### PROBLEM TO WORK ON
Nothing in the records may be altered, and no picture may be included. Restate them in full.

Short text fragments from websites
__________
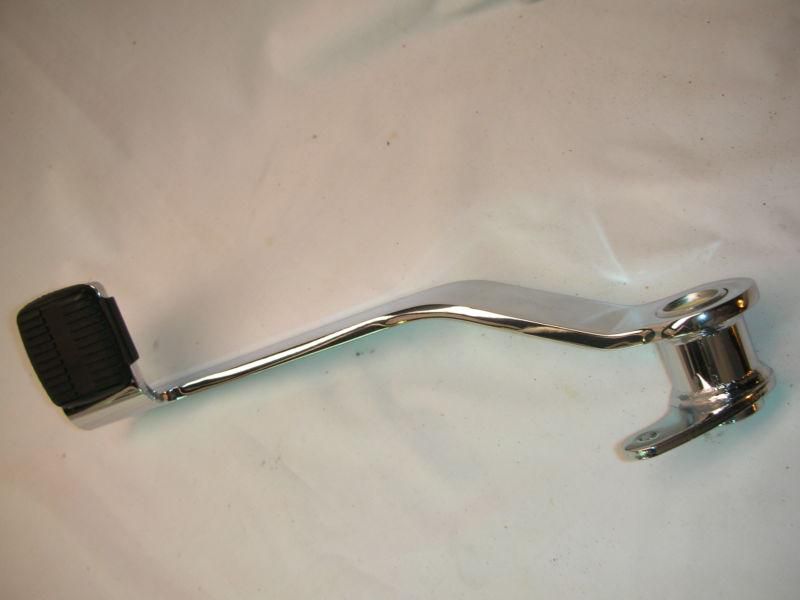 Harley-Davidson Softail Rear Brake pedal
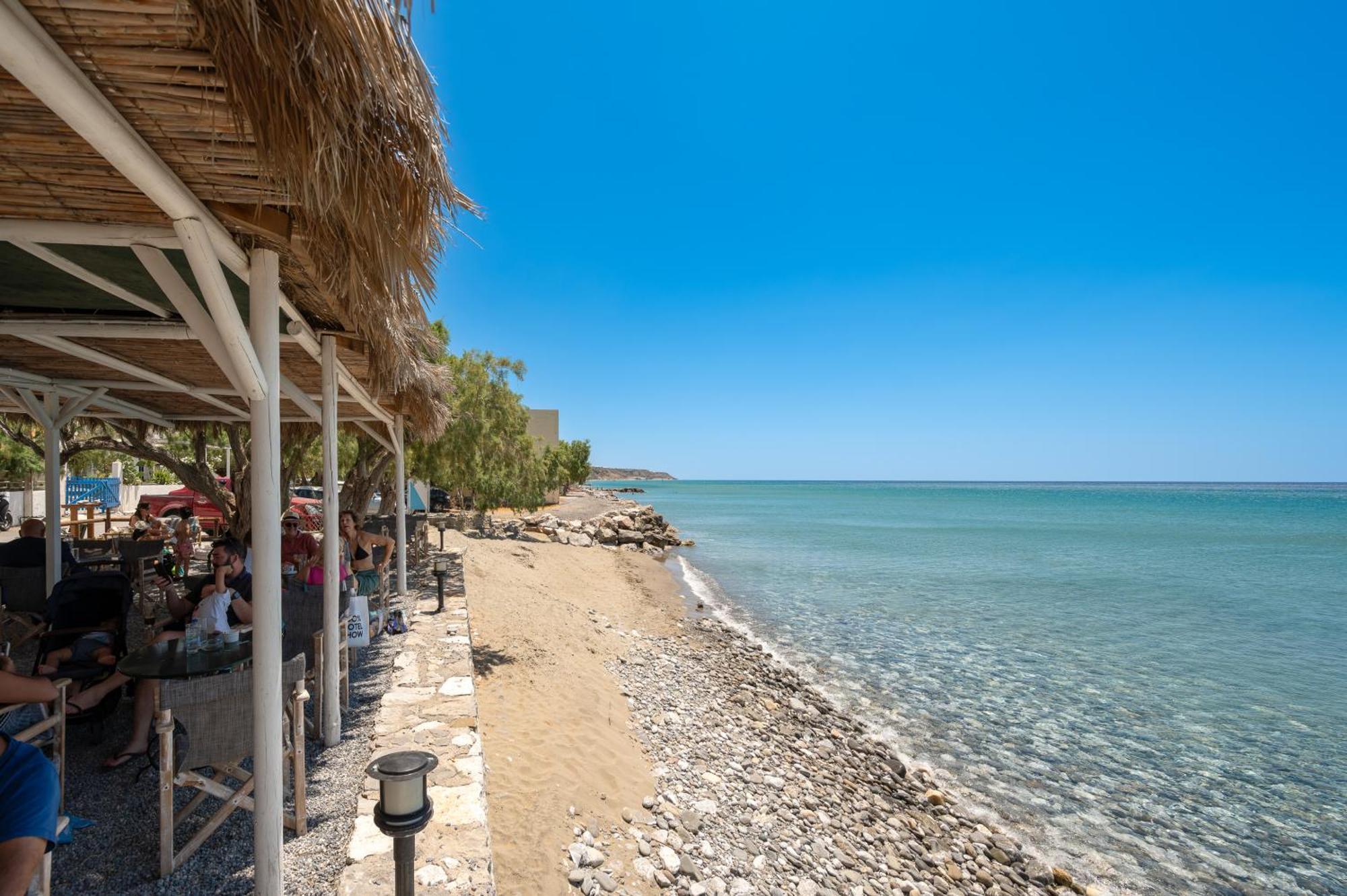 Villa Petrina 4 By The Sea *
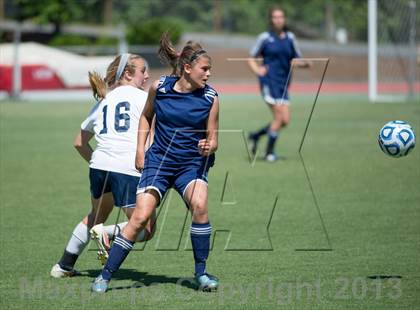 Thumbnail 2 in Swansboro vs. South Iredell (NCHSAA 2A Final) photogallery.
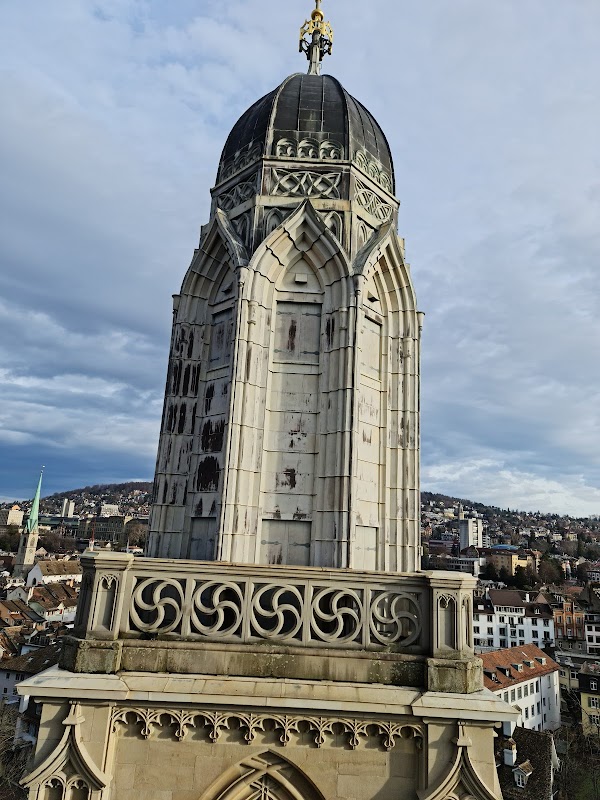 Grossmünster 3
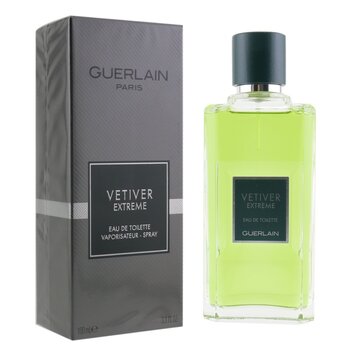 guerlain vetiver vs vetiver extreme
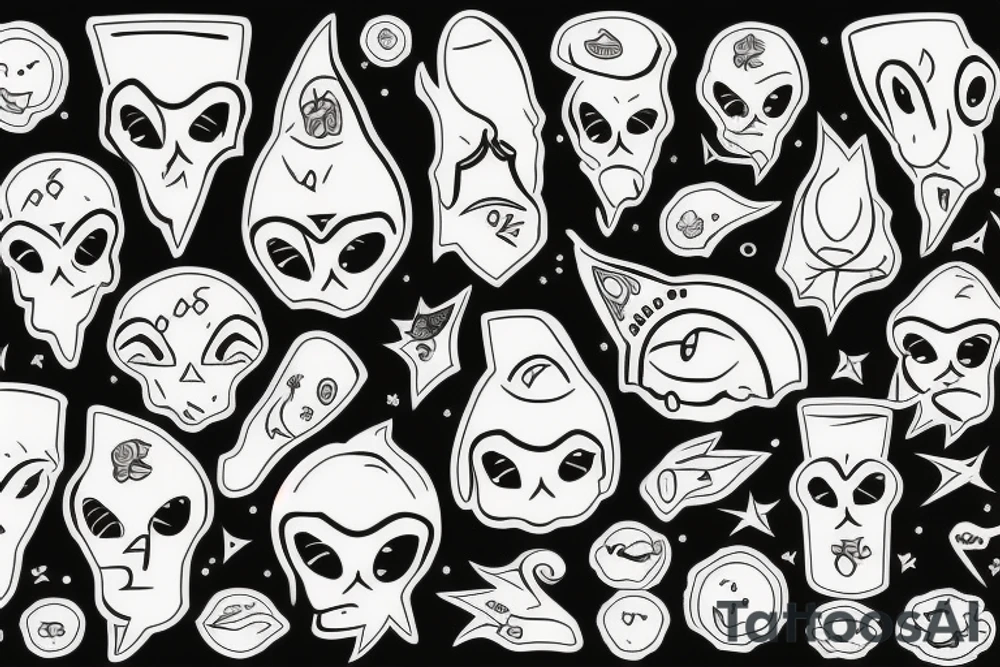rice power tattoo idea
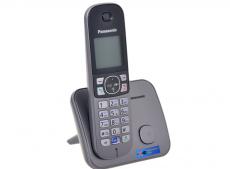 Телефон DECT Panasonic KX-TG6811RUM Функция радио-няня (доступна при наличии второй и более трубок)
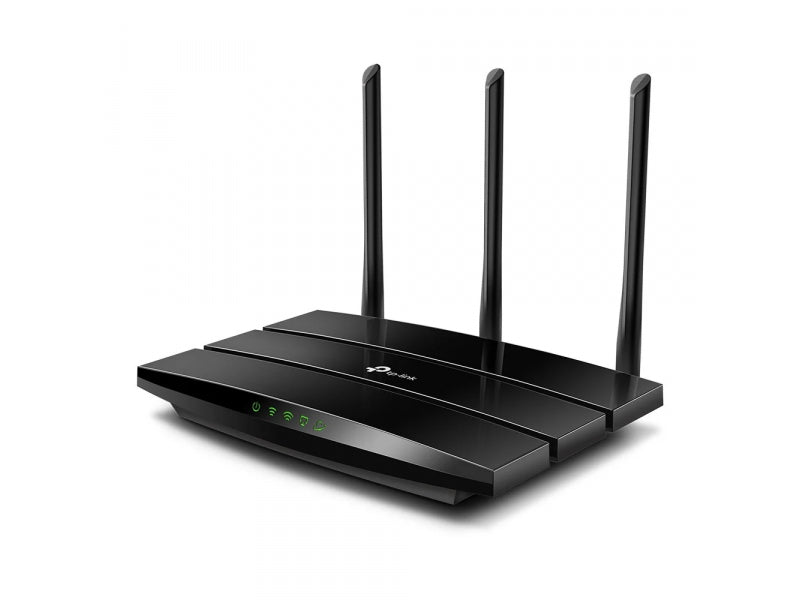 TP-Link AC1900 WiFi Router Gigabit Ethernet Dual-Band Black - Archer A8
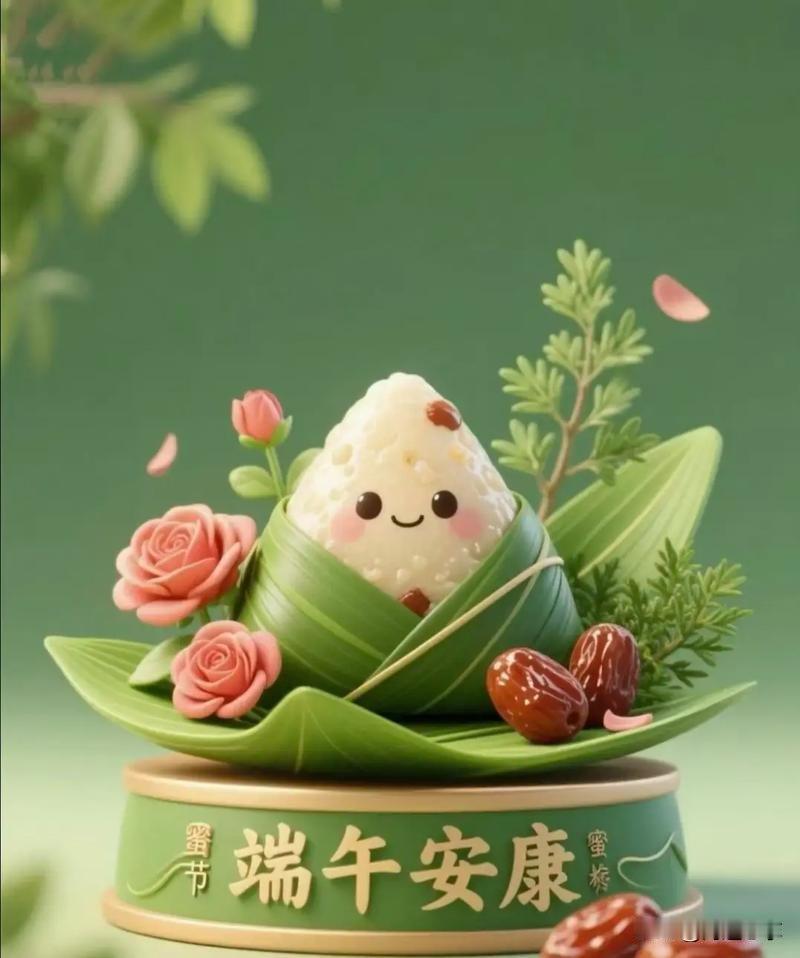 人生如粽，总要熬过水深火热！
你有没有想过——粽子和我们的人生，其实是一样的。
__________
### RESULT OF THE TASK
 Harley-Davidson Softail Rear Brake pedal
 Villa Petrina 4 By The Sea *
 Thumbnail 2 in Swansboro vs. South Iredell (NCHSAA 2A Final) photogallery.
 Grossmünster 3
 guerlain vetiver vs vetiver extreme
rice power tattoo idea
 Телефон DECT Panasonic KX-TG6811RUM Функция радио-няня (доступна при наличии второй и более трубок)
 TP-Link AC1900 WiFi Router Gigabit Ethernet Dual-Band Black - Archer A8
 人生如粽，总要熬过水深火热！
你有没有想过——粽子和我们的人生，其实是一样的。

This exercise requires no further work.